9. Array Extensions

The picamera.array module provides a set of classes which aid in constructing n-dimensional numpy arrays from the camera output. In order to avoid adding a hard dependency on numpy to picamera, the module is not automatically imported by the main picamera package and must be explicitly imported.

The following classes are defined in the module:

9.1. PiBaseOutput

class picamera.array.PiBaseOutput(camera, size=None)[source]

Base class for all custom output classes defined in this module.

This class is not intended for direct use, but is a useful base-class for constructing custom outputs. The write() method simply appends data to the buffer attribute until the flush() method is called which in descendent classes is expected to construct a numpy array from the buffered data.

close()[source]

Closes the stream and frees all resources associated with it.

flush()[source]

Does nothing in this implementation but can be overriden in descendent classes to do something after capture/recording is complete.

read(n=-1)[source]

Raises NotImplementedError as this is a write-only stream.

readable()[source]

Returns False, indicating that the stream doesn’t support read().

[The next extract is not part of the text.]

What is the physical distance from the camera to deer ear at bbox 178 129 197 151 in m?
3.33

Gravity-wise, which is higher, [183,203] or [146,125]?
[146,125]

seek(offset, whence=0)[source]

Raises NotImplementedError as this is a non-seekable stream.

seekable()[source]

Returns False, indicating that the stream doesn’t support seek().

tell()[source]

Raises NotImplementedError as this output has no buffer.

truncate(size=None)[source]

Raises NotImplementedError as this output has no buffer.

writable()[source]

Returns True, indicating that the stream supports write().

write(b)[source]

This base implementation ignores the data and returns the number of bytes, pretending it has written them.

9.2. PiRGBArray

class picamera.array.PiRGBArray(camera, size=None)[source]

Produces a 3-dimensional RGB array from an RGB capture.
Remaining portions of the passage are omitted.